Is there any legitimate use for Intel's RDRAND?
As pointed out in the other answer, RDRAND is seeded with true randomness. In particular, it frequently reseeds its internal CSPRNG with 128 bits of hardware-generated randomness, guaranteeing a reseed at least once every 511 * 128 bits. See section 4.2.5 of this doc:
https://software.intel.com/en-us/articles/intel-digital-random-number-generator-drng-software-implementation-guide
So in your examples, you used a single 128-bit seed to generate 10 million random draws from rabbit_extract. In the RDRAND version, you had the equivalent of 2.5 million 128-bit draws, meaning that the CSPRING was reseeded at least 2,500,000/511 = 4,892 times.
So instead of 128 bits of entropy going into your rabbit example, there were at least 4,892*128 = 626,176 bits of entropy going into the RDRAND example.
That's much, much more entropy than you're going to get in 0.361 seconds without hardware support. That could matter if you're doing stuff where lots of real randomness is important. One example is Shamir secret sharing of large quantities of data -- not sure if there are others.

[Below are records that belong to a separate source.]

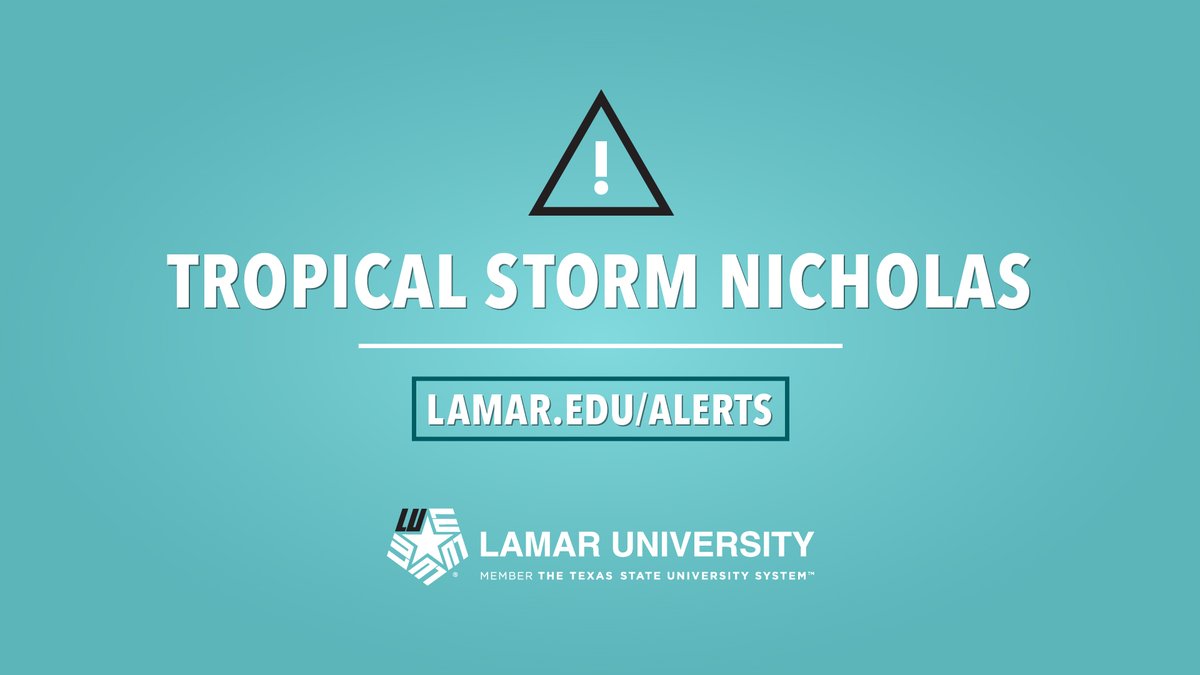 LamarUniversity's tweet photo. (UPDATE as of 9/13/2021 @ 4:00 p.m.)

(1/3) Out of an abundance of caution for Tropical Storm Nicholas, Lamar University is cancelling all classes for tomorrow, September 14, 2021. https://t.co/Re3wT45lkz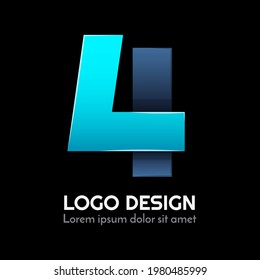 tipografía número 4 con estilo 3d y color azul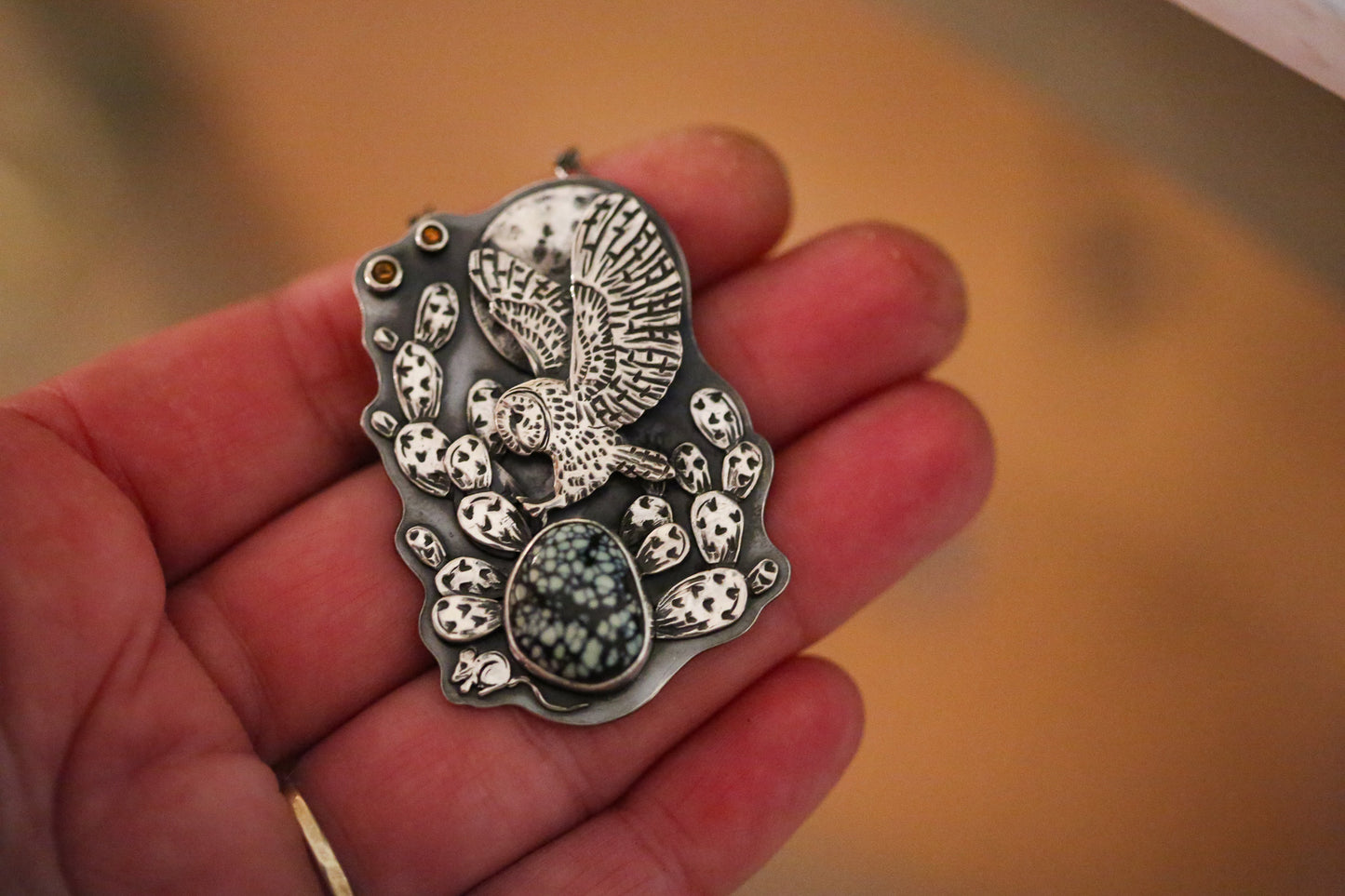 Owl + Cactus Necklace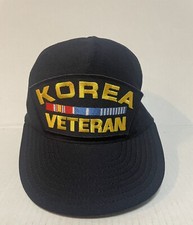 VTG Korea Veteran Snapback Hat Blue Korean War Vet Eagle Crest Cap Made In USA
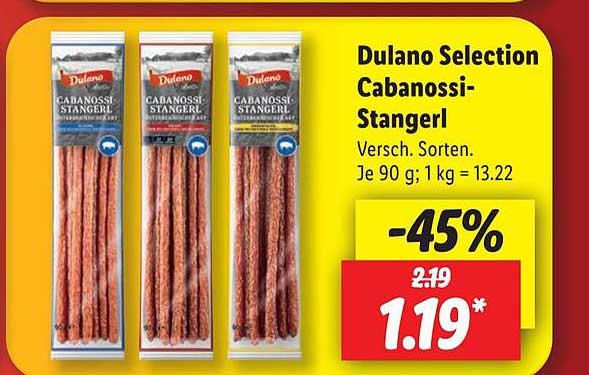Dulano Selection Cabanossi-stangerl Angebot bei Lidl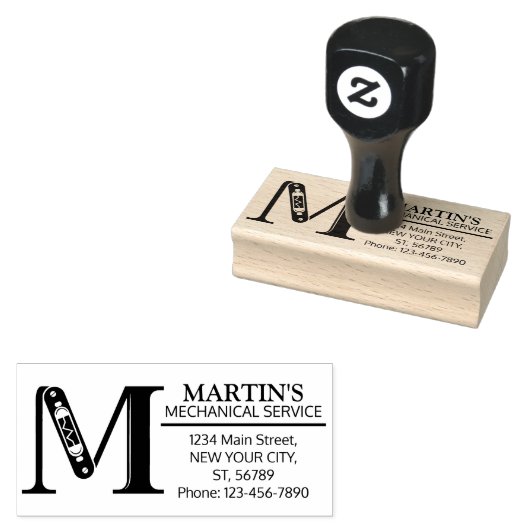 mechanisch monogram. Initiaal "M" Rubberstempel (Gestempeld)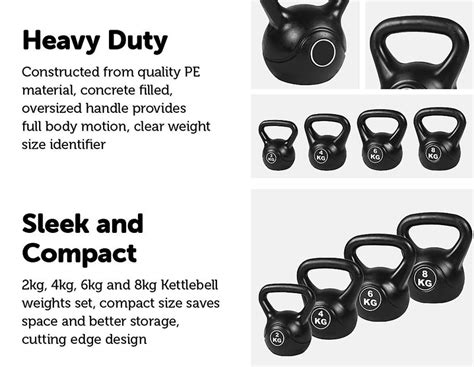 4pcs Exercise Kettle Bell Weight Set 20kg Gym Exercise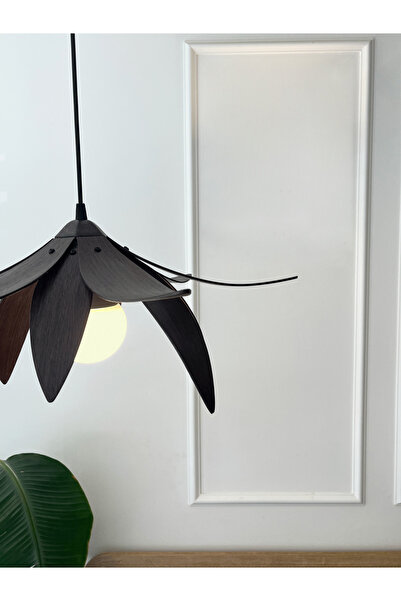 Fagus Wood Lotus Avize – Ahşap Modern ve Minimal Tasarım Avize, İskandinav Salon ve Oturma Odası Aydınlatması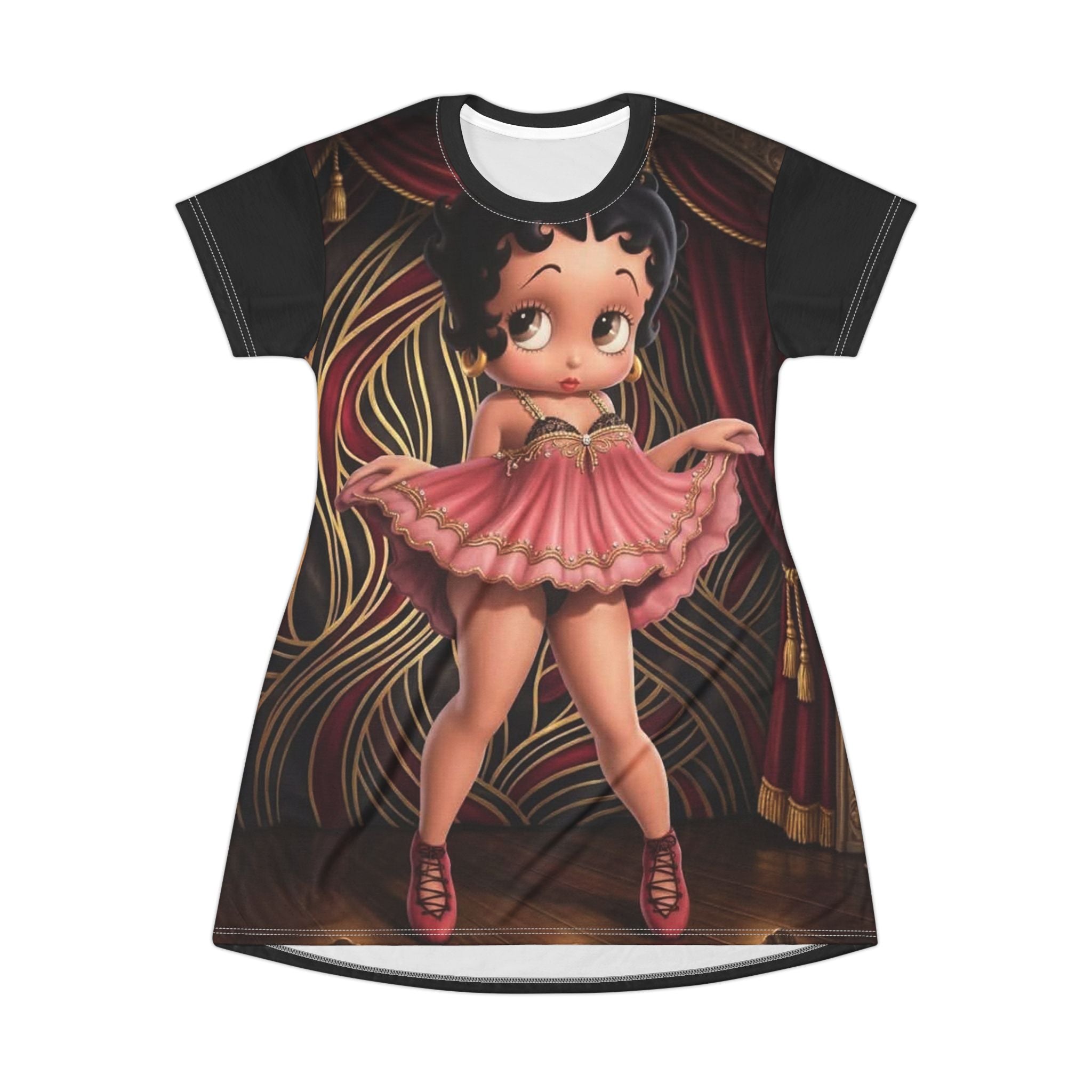 Betty Boop Vintage Stage AOP T-Shirt Dress — Retro Pinup Girl Print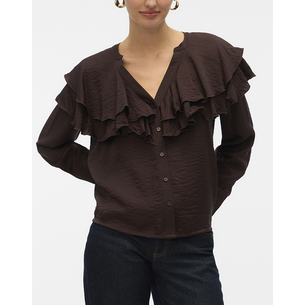 Product VERO MODA VMLIZZI LS FLOUNCE TOP WVN GA base image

So in conclusion -- it's not for speed, it's for high security. The question of whether it's backdoored is troubling, of course, but you can always XOR it with other sources, and at the very least it's not hurting you.
RDRAND
is not just a PRNG. It is a whitened TRNG that is FIPS compliant. The difference is that you can rely on RDRAND
to contain quite a lot of actual entropy directly retrieved from the CPU. So the main use of RDRAND
is to supply entropy to OS/libraries/applications.
The only other good way for applications to retrieve entropy is usually using an OS supplied entropy source such as /dev/random
or /dev/urandom
(which usually draws the entropy from /dev/random
). However, that OS also requires to find the entropy somewhere. Usually tiny differences in disk and network access times are used for this (+ other semi-random input). These devices are not always present, and are not designed as sources of entropy; they are often not very good sources, nor are they very fast. So on systems that support it, RDRAND
is often used as an entropy source for the cryptographically secure random number generator of the operating system.
With regards to speed, especially for games, it is completely valid to use a (non-secure) PRNG. If you want to have a reasonable random seed then seeding it with the result of RDRAND
may be a good idea, although seeding it from the OS supplied RNG may be a more portable and even a more secure option (in case you don't fully trust Intel or the US).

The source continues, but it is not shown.